Generally speaking, the carbon steel is quenched with water and the alloy steel is quenched with oil cold.
4. the cooling method is widely used in production practice. The classification of quenching is divided by different cooling methods. There are mainly single liquid quenching, double liquid quenching, graded quenching and isothermal quenching.
Special parts are also compressed air quenching, spray quenching and jet quenching.
(1) A single-liquid quenching method in which the heated workpiece is continuously cooled to room temperature in a quenching medium. Advantages and Disadvantages: Simple operation, easy to achieve mechanization and automation, suitable for simple shape workpiece, but this method of water-cooled deformation, oil-cooled hardening, can be combined with oil-water two-cooled two-liquid quenching as follows.
(2) The heated carbon steel is cooled in water or brine first, and then cooled to (300-400). This method is called dual-liquid quenching. Advantages and Disadvantages: It can not only harden the workpiece, but also reduce the internal stress of quenching, effectively prevent the occurrence of quenching cracks. It is mainly used for high carbon tool steel with complex shapes, such as taps, plate teeth and so on. The disadvantage is that it is difficult to operate and skilled in technology.
(3) The stepwise quenching method is to put the heated workpiece into the salt bath or alkali bath with temperature slightly higher than the MS point to cool rapidly for a period of time, and then take out the air-cooling after the surface and the heart reach the medium temperature, so that martensite transformation occurs. Advantages and disadvantages: compared with two liquid quenching, the stress and deformation are further reduced, and the operation is easy. But because the cooling capacity of salt bath and alkali bath is small, it is only suitable for work with complex shape and small size.
(4) Isothermal quenching is similar to stepwise quenching except that the holding time in salt bath or alkaline bath is long enough to make the supercooled austenite isothermally transform into the lower bainite with high strength and toughness, and then take out air cooling.

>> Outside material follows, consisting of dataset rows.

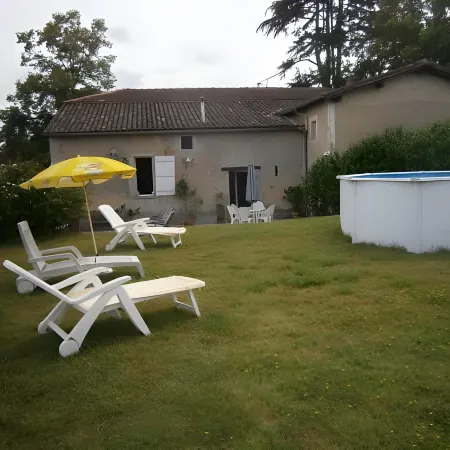 Chambres d'Hôtes Domaine du Bouchon Отели в г. Ган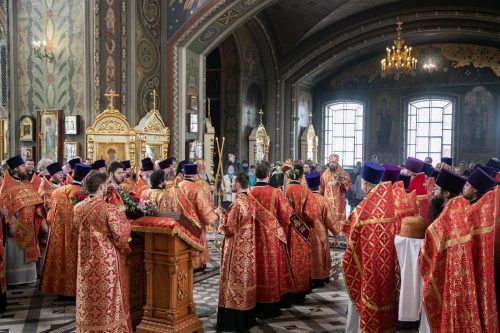 Архиепископ Егорьевский Матфей совершил Божественную Литургию в Иверском соборе Николо-Перервинского монастыря
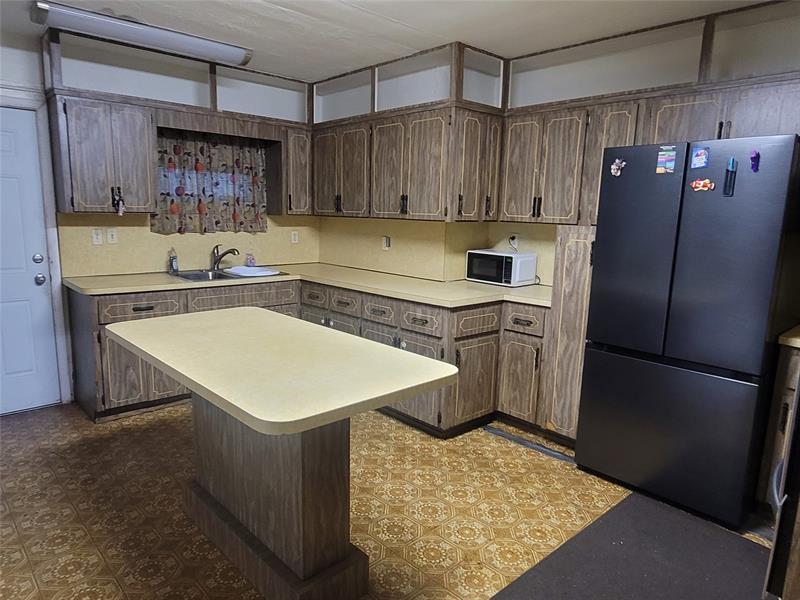 Image 10 of 21 For 18712 23rd Ct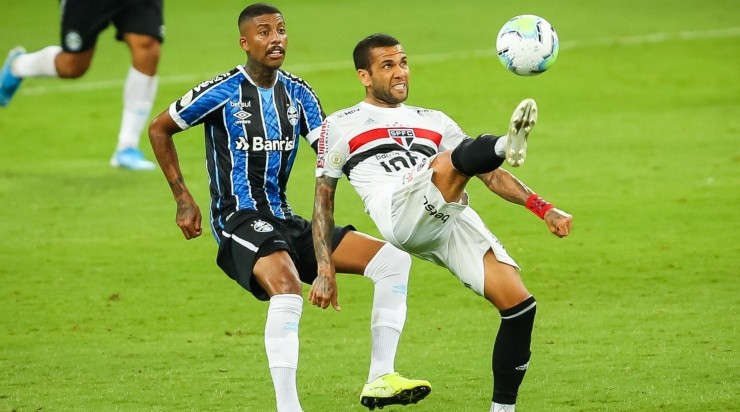 Meia está em baixa no clube - Foto: Pedro H. Tesch/AGIF.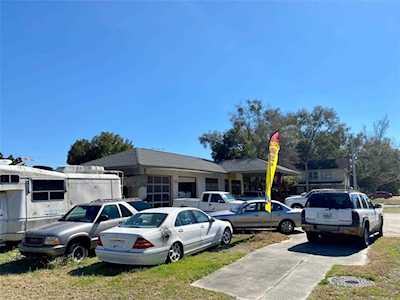 1015 S Grove St Eustis, FL 32726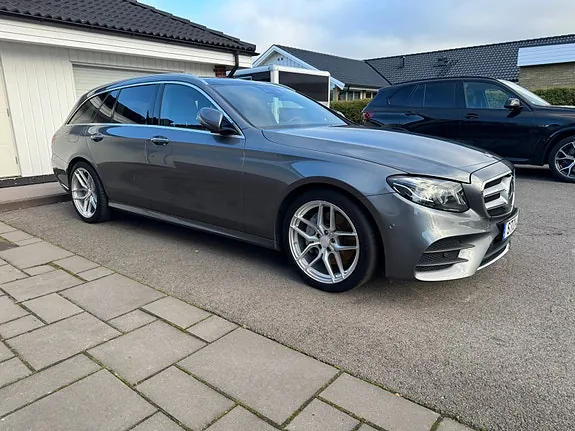 Mercedes-Benz E220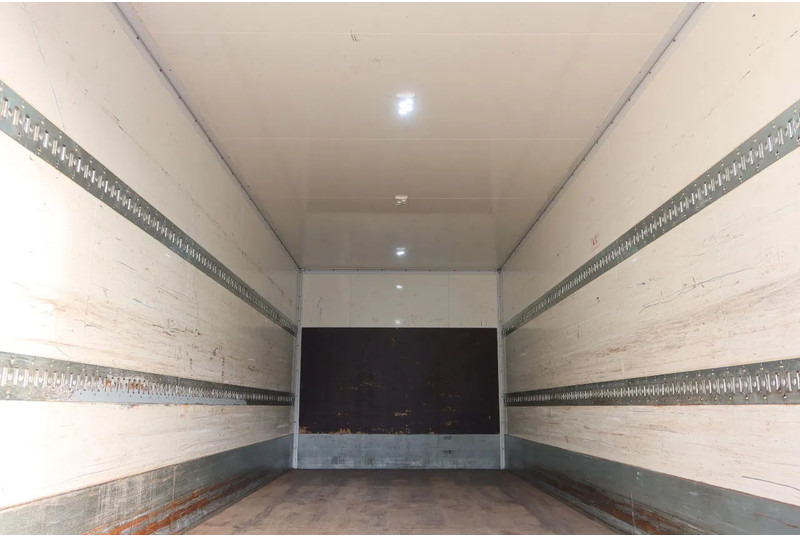 Mercedes-Benz Actros 1840 L Bkawagen+ BAR klep 2.000kg met Gesioleerde bak - شاحنة صندوقية: صورة 4 Mercedes-Benz Actros 1840 L Bkawagen+ BAR klep 2.000kg met Gesioleerde bak - شاحنة صندوقية: صورة 4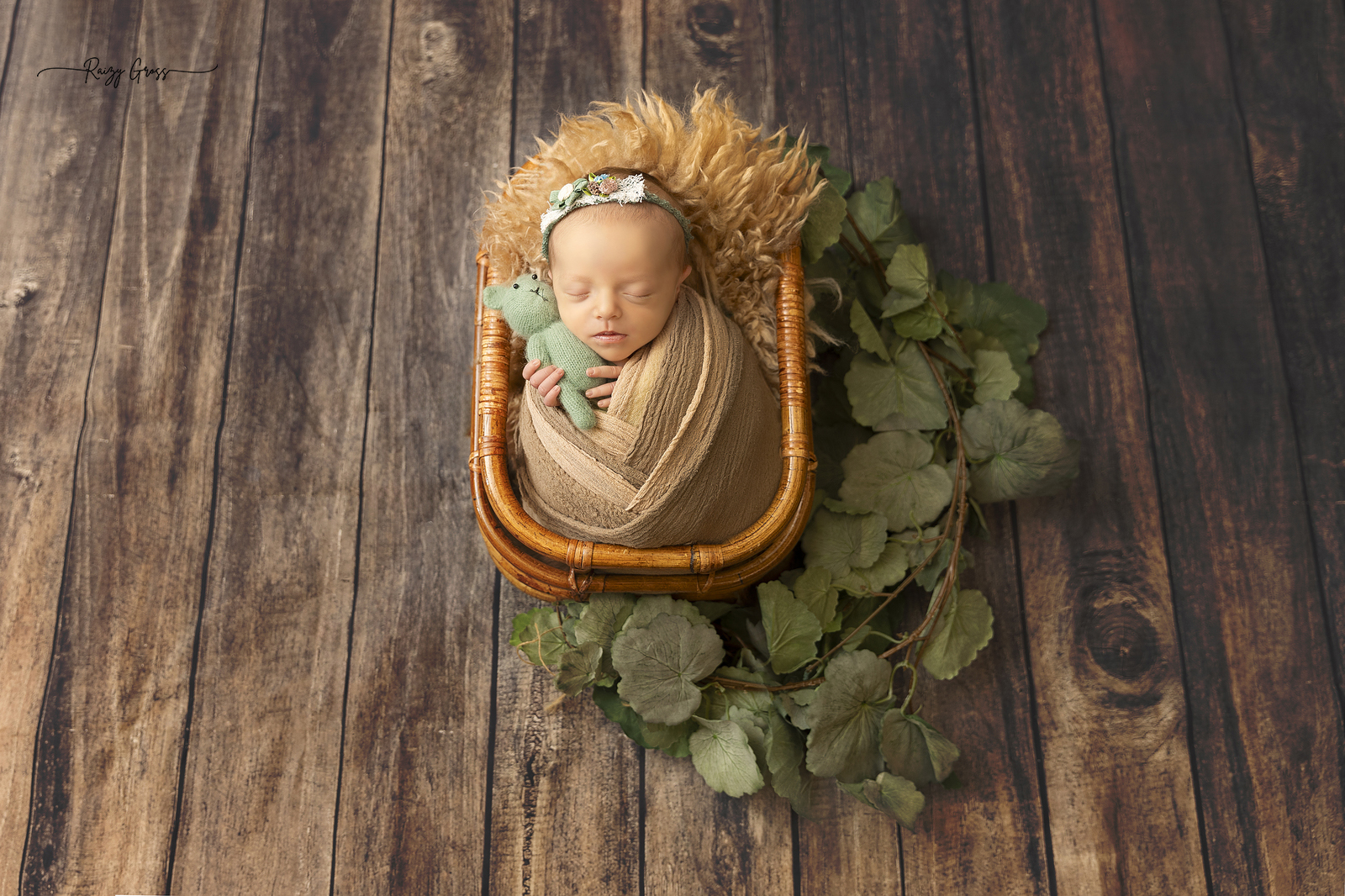 141A9847 copy_1600x1066.jpg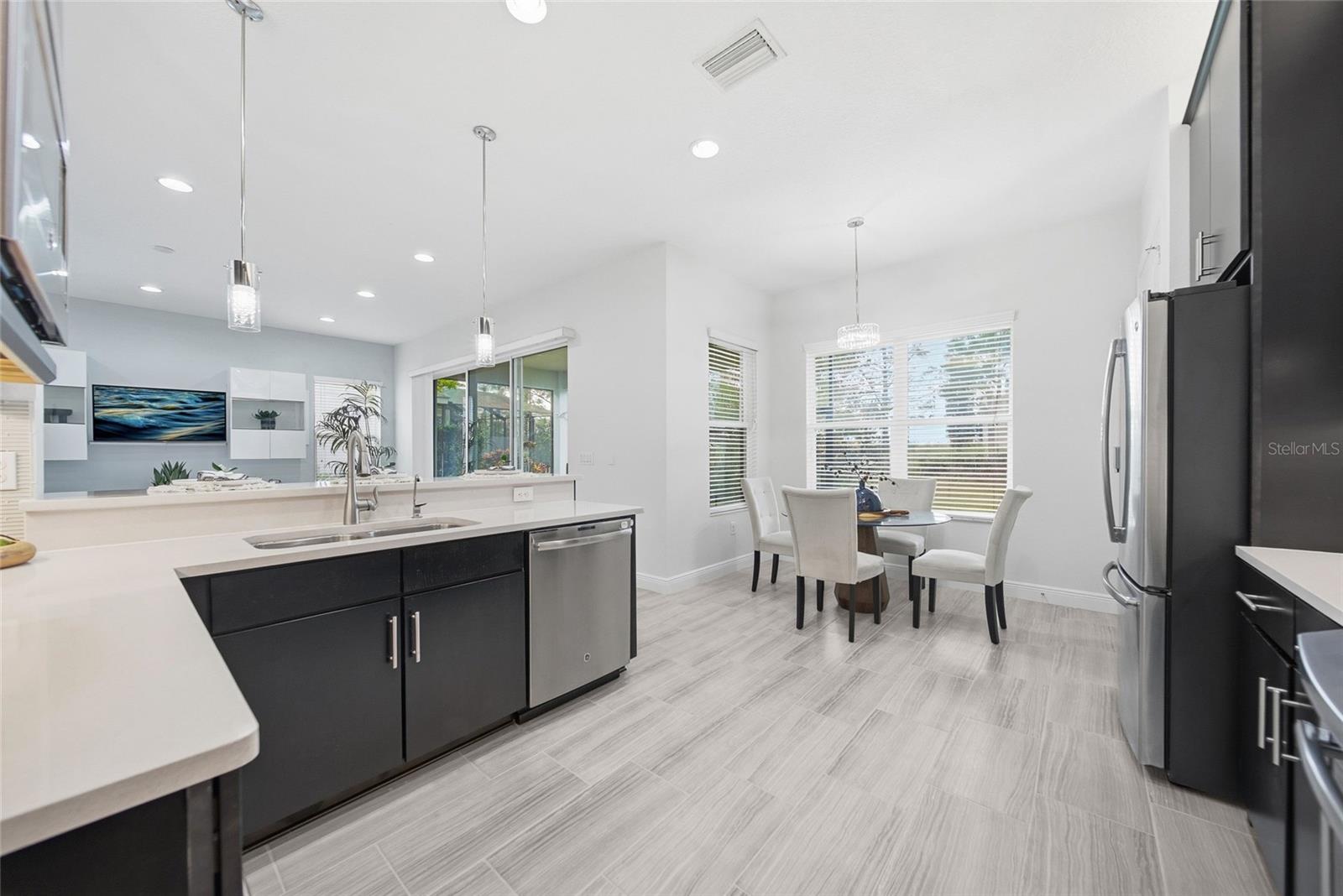 Image 13 of 67 For 2747 Tarragona Way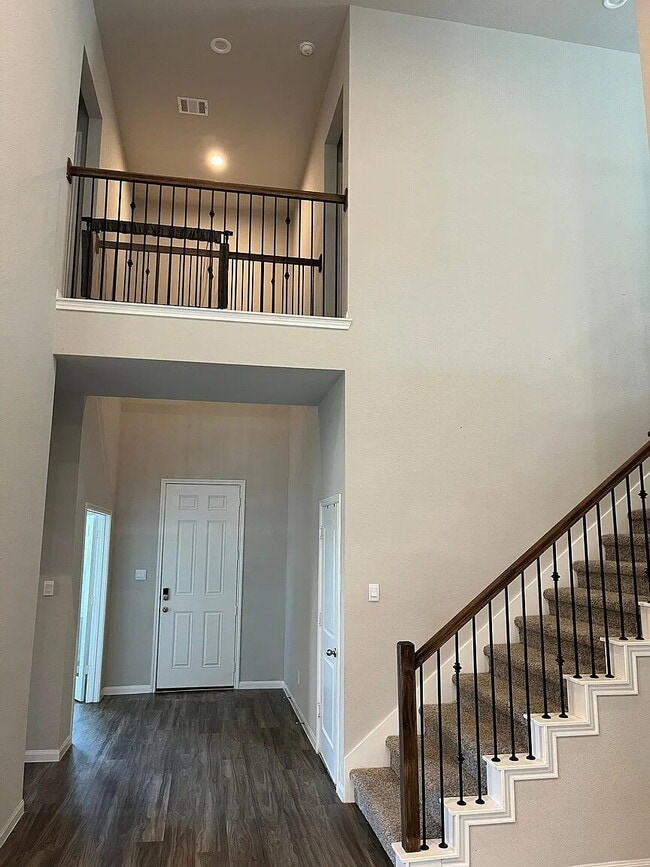 Building Photo - Four bedroom home with dedicated home office, game room, 2.5 bathrooms, and fenced yard in Fairwa...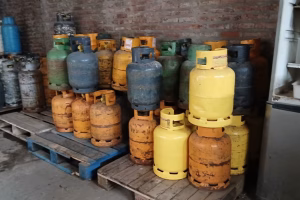 Clausuraron distribuidora mayorista con 30 garrafas sin medidas de seguridad y sin habilitación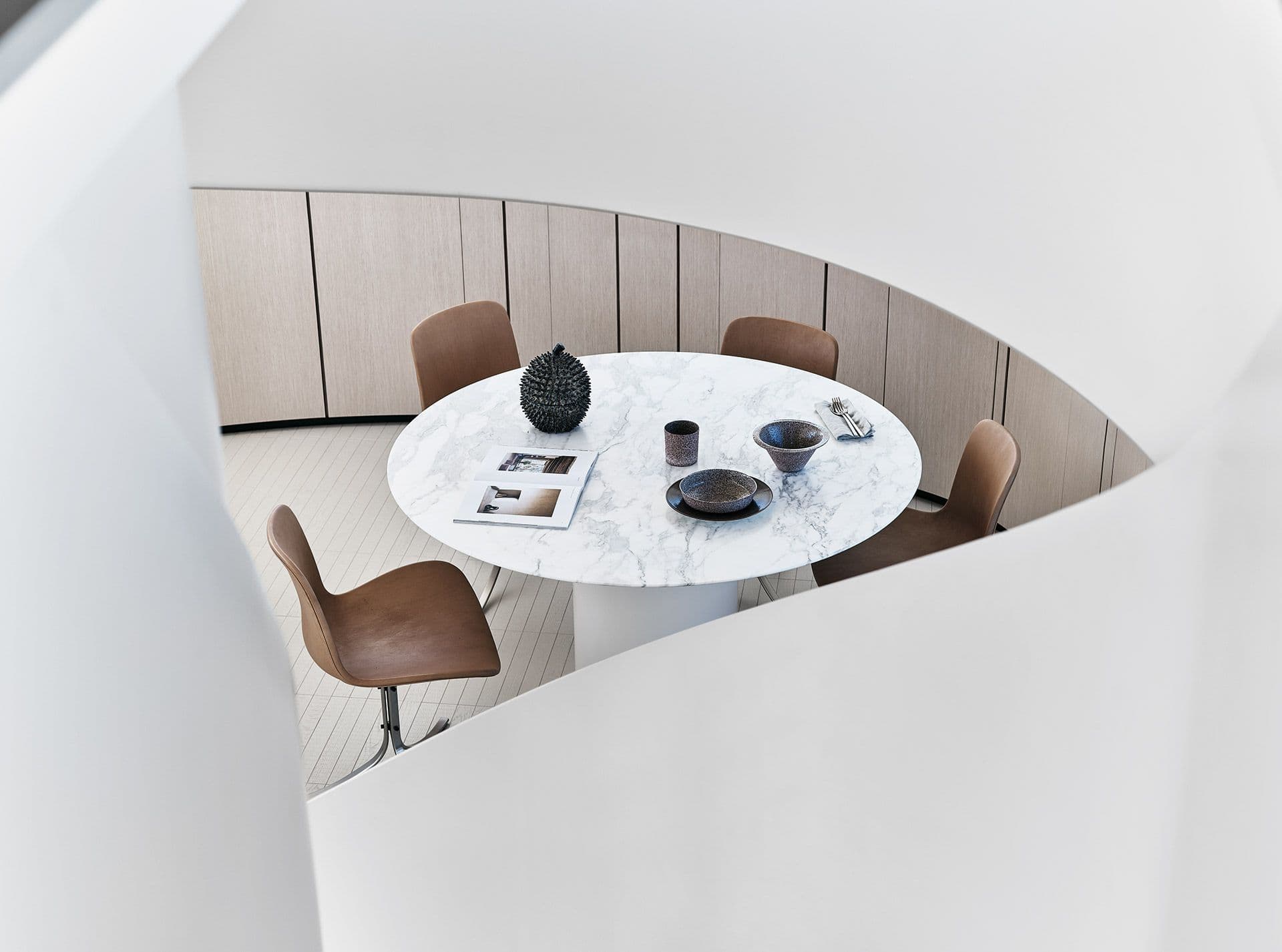 Round dining table aboard the Sanlorenzo SX76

Advantages and Disadvantages: Because of the small internal stress in quenching, it can effectively prevent deformation and cracking, but the disadvantage of this method is long production cycle and certain equipment, often used in thin, thin and complex shape size requirements accurate, and high strength and toughness workpieces, such as forming tools, molds and springs.
Hardenability refers to the ability of materials to obtain the depth of hardened layer.
It is generally stipulated that the depth from the surface layer of the workpiece to the semi-martensite zone (where half of the martensite and half of the non-martensite textures are respectively easy to determine the hardness) is the depth of the hardened layer. The deeper the hardened layer is, the better the hardenability of the surface steel is. If the hardened layer reaches the center, it indicates that the steel is all hardened.
Hardenability of steel has a great influence on mechanical properties, but not all mechanical parts must be fully hardened. For example, shaft parts subjected to bending and torsional stresses, parts subjected to surface heat treatment, etc., need only a certain depth of hardening layer to meet the use requirements.
The hardenability of steel is mainly determined by the critical cooling rate. The smaller the critical cooling rate, the better the hardenability of steel. On the contrary, the hardenability of steel is reduced. Except for Co, most alloying elements can significantly improve the hardenability of steel.
It should be noted that hardenability and hardenability are two different concepts and must not be confused. Hardening is the high hardness obtained after quenching, mainly depending on the carbon content in martensite. The steel with good hardenability is not necessarily high in hardenability. For example, compared with low carbon alloy steel, the former has higher hardenability but lower hardenability, while the latter has lower hardenability but higher hardenability.